As this is a full price game with subscription, the open beta is an ideal, but short, opportunity to test the game out. And unless you are allergic to cartoonish graphics, Wildstar has a lot of positive qualities that are well worth experiencing for yourself to form your own opinion.
Tobold's Blog

450 hours of content?
Posted by Tobold's Blog [HTML][XML][PERM][FULL] on 7 May 2014, 2:53 am
I was reading an article on IGN on veteran's content in The Elder Scrolls Online, in which the author stated: "ESO's take on the continent of Tamriel is split up into three major factions, each with around 150 hours of hand-crafted, fully voice-acted content to quest through. Once you hit the level cap of 50 and finish your faction's quest-line, you can quest through the other two faction's zones, facing off against much tougher, level-adjusted versions of those foes.". To find out what my problem is with that, let's have a look at the math:

We know that a MMORPG player spends on average 22.4 hours per week in a game. Obviously the author of the IGN article played a lot more, reaching the 300 hours mark within a month of release. And some people play less. But with a subscription game there is always a lower limit to how little you can play each month and still justify paying for the subscription. So let's just go with the average. If a game like The Elder Scrolls Online has 450 hours of content, that ends up being 20 weeks of play, 4 to 5 months. So how exactly does Zenimax plan to keep people playing for years?

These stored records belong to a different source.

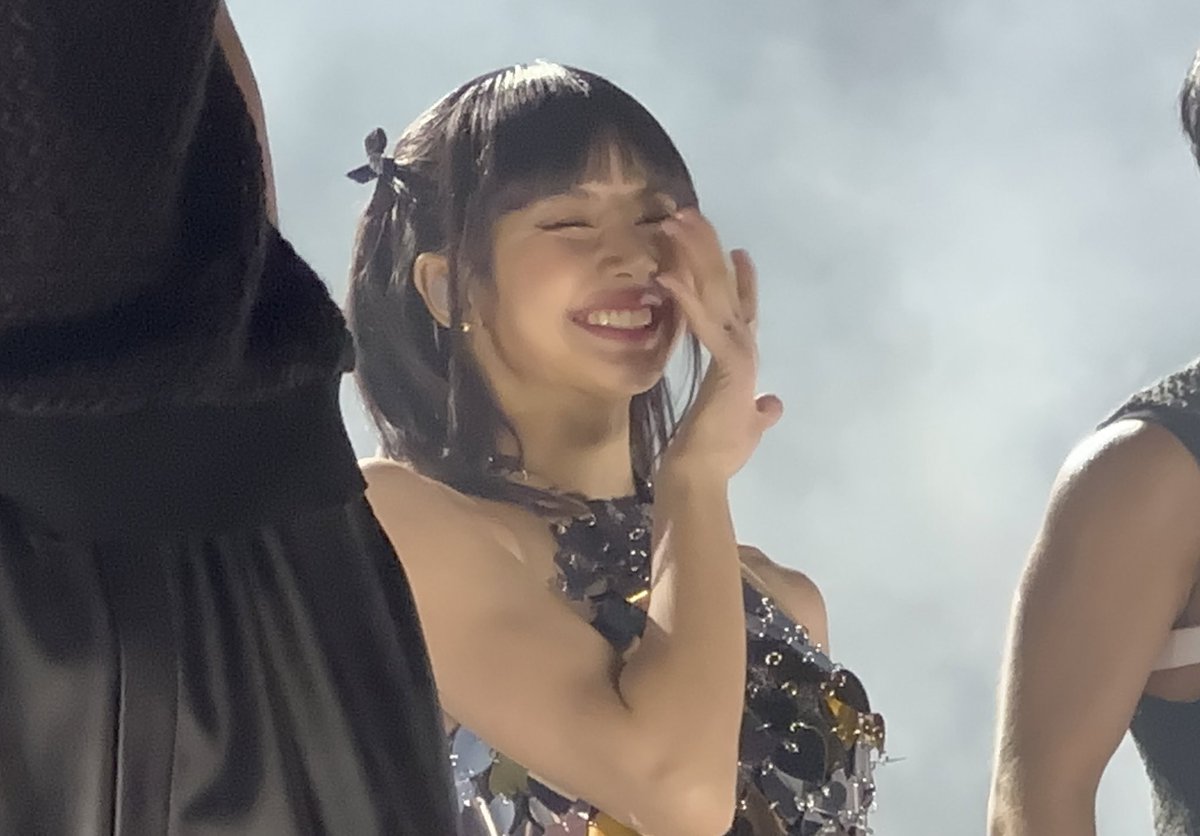 hourly lisa tweet media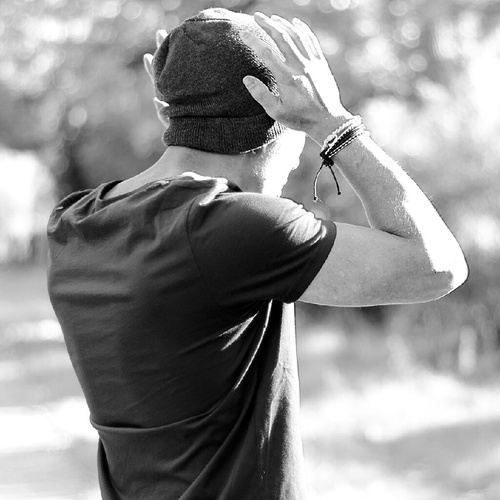 aestheticsonly's profile picture. Don't follow. Lead.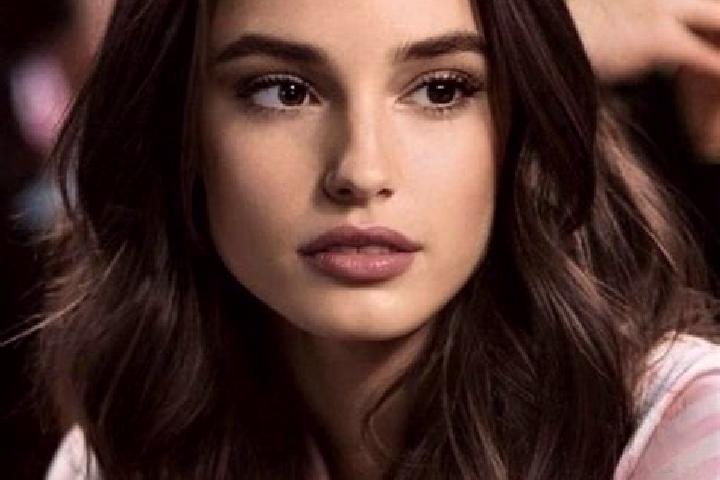 Sophia, 36, a brunette brown-eyed mixed companion based in Ajani. Offering Party Girl, Striptease, Massage. Available for incall and outcall, overnight booki...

Of course there are content patches and expansions, but I don't think that anybody can manage to produce another 450 hours of content every 5 months. Even Blizzard with their tons of money completely fail at adding content at a sufficient rate, as with their "expansion every 2 years" rate each expansion would need to provide 2000 hours of content, but barely has 200.

That leaves the eternal excuse of the "elder game" or "end game", in the form of raids and or PvP. But how many hours of content is that? Is that really 1,000 hours of content per year, or is it rather 100 hours of content per year and you are supposed to do it 10 times? Or 50 hours of content 20 times? And that is just looking at the question how much content the elder game really is, without touching the other problems of social and organizational difficulties, or that somebody who likes questing through content is not necessarily interested in this completely different mode of gameplay.

For me the math simply doesn't add up. To provide an average MMORPG player with fresh content all the time, you would need to create 100 hours of content every month. But clearly it took Zenimax far more than four-and-a-half months to produce the 450 hours of content they have in The Elder Scrolls Online. And even financially, creating enough content to keep people playing appears to be a losing proposition. You'd be much better off producing a string of $60 games with 20 hours of content each, which appears to be the single-player industry standard today.

People are still wondering what exactly World of Warcraft did right to become such a success. I don't claim to have all the answers, but look at how much content WoW already had on release, with 6 starting zones and several zones in each level range, compared to the games released now. It seems to me that today companies are trying to sell much less of a game for the same price, and then wonder why the players aren't sticking around.